En dépit de l’arrêt de la Cour européenne des droits de l’homme du 22 décembre 2020, qui juge que les déclarations faites à l’époque par Selahattin Demirtas entrent dans le cadre de la liberté d’expression, et ordonne sa libération et le paiement d’une amende en réparation du préjudice moral, l’ancien président du HDP et ses coaccusés sont poursuivis par la justice pénale turque. « Et ce n’est pas un hasard si ce procès ressort maintenant. Pourquoi avoir attendu sept ans pour juger ces faits ? Ce procès est destiné à ouvrir la voie à l’interdiction du HDP. Ils vont essayer de le bâcler en quelques mois puis d’interdire le parti en se basant sur ce procès », estime Ezgi Güngördü, avocate des accusés. 

« On tente de plonger le pays dans le chaos. Il faut garder la tête froide et ne pas tomber dans le piège », prévient Hüda Kaya, alors que le baiser de la mort donné par l’extrême droite à l’AKP en intégrant la coalition au pouvoir interdit au président Erdogan toute politique d’apaisement ou de retour au processus de paix.

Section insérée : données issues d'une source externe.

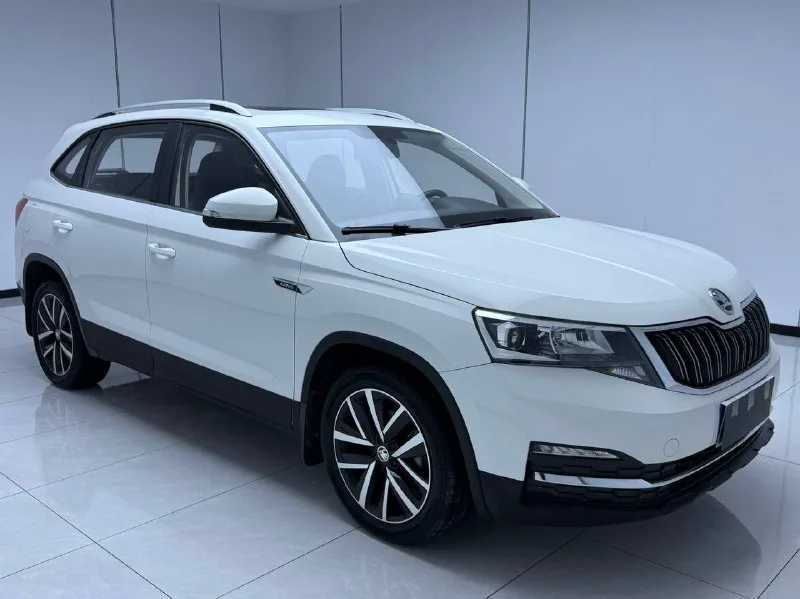 Skoda Komiq 2022 — фото 3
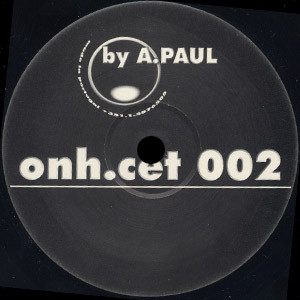 A. Paul - Untitled | Onh.Cet (onh.cet 002)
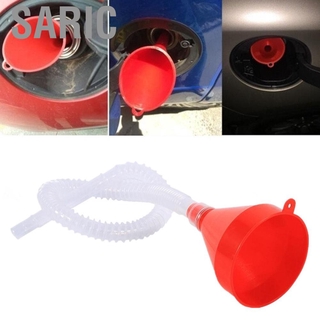 Saric Funnel Set Oil Filling Compact Durable Plastic Gas for Water Liquid (1)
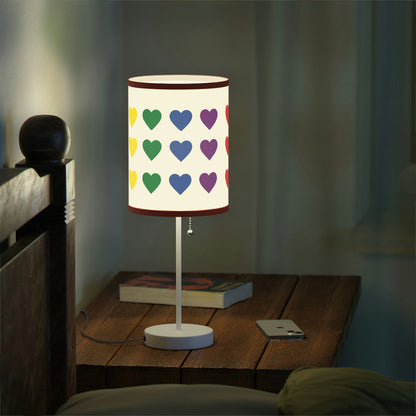 ChakraHearts/Lamp on a Stand, US|CA plug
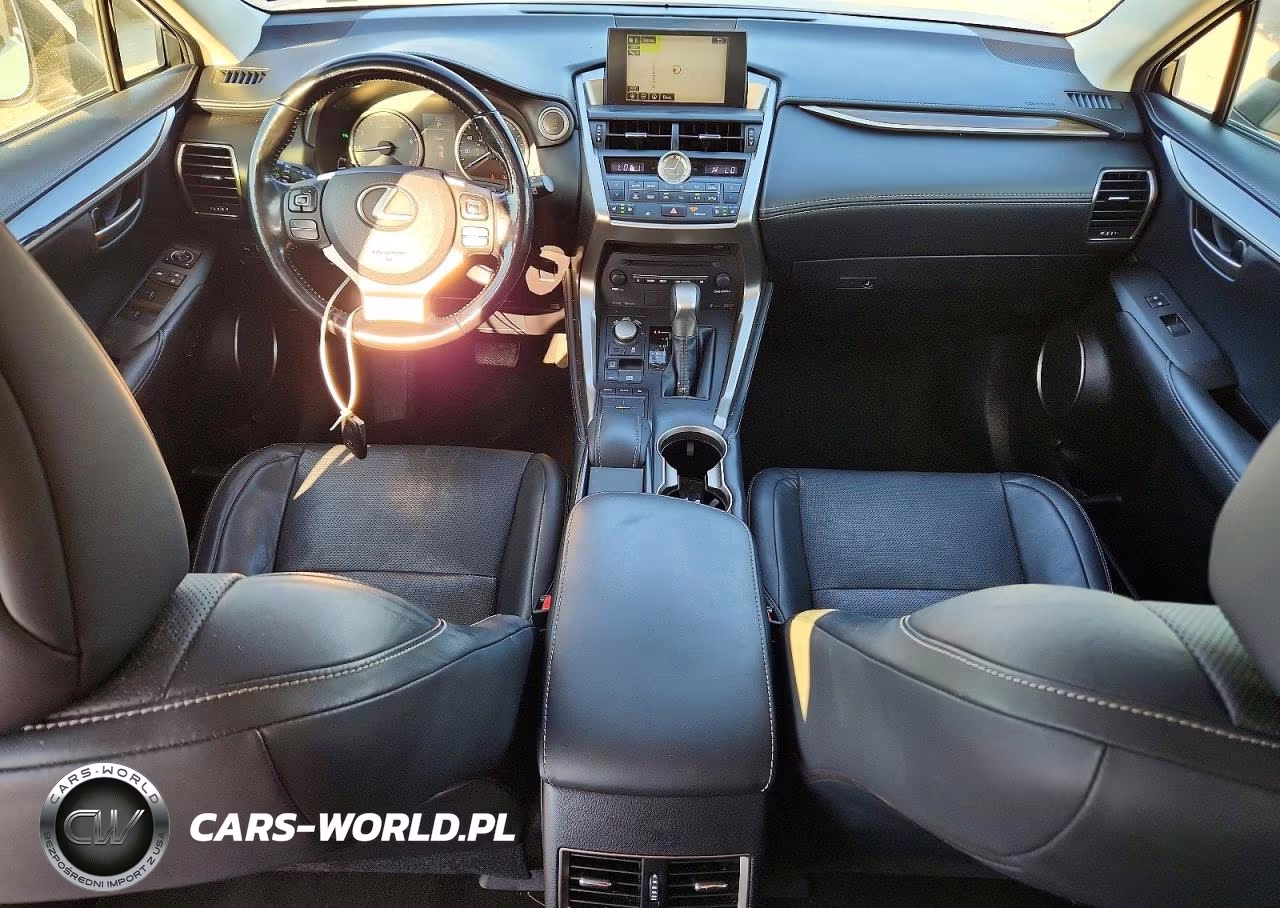 2015 Lexus Nx 200T VIN:JTJYARBZXF2015471 - 8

Confronté à une chute importante de sa popularité, le leader turc peut être tenté de continuer à jouer la carte anti-kurde pour essayer de solidifier sa base, diviser l’opposition et distraire l’opinion des crises écologiques et économiques qui ébranlent le pays. Visiblement dépassé, il s’est finalement rendu dans la région touchée par les incendies, sans rien promettre de concret ni délivrer une de ces performances charismatiques dont il était coutumier par le passé.

Perché sur le toit d’un bus, il s’est contenté de jeter des paquets de thé à la foule comme autant d’extincteurs. « Erdogan est en train de perdre pied, il a un comportement de plus en plus erratique et irrationnel, cela peut devenir dangereux », s’inquiète la députée Hüda Kaya.